Data provided:
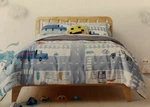 Pillowfort Road Map Comforter/sham Set Boys Trucks - 3PC Full Queen. Fixed Price $64.00.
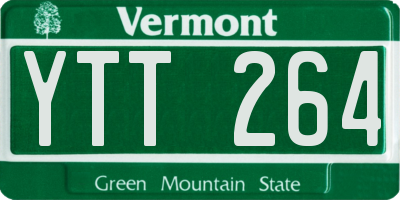 VT license plate YTT264
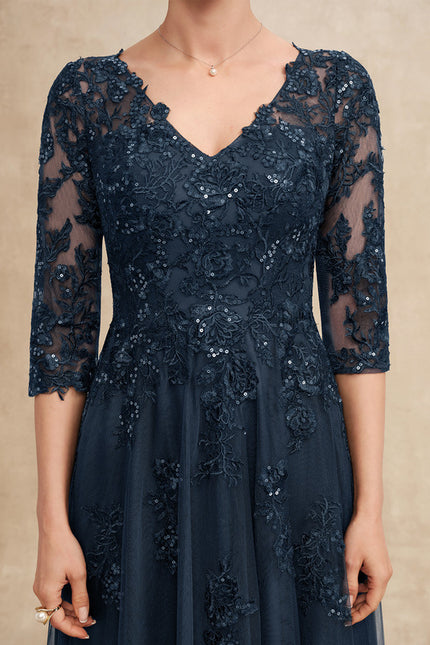 Robe Cérémonie Longue Tulle Ornée - gallery 7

Assignment:
Give every line above again exactly, omitting whatever pictures appear.

Finished exercise:
 Pillowfort Road Map Comforter/sham Set Boys Trucks - 3PC Full Queen. Fixed Price $64.00.
 VT license plate YTT264
 Robe Cérémonie Longue Tulle Ornée - gallery 7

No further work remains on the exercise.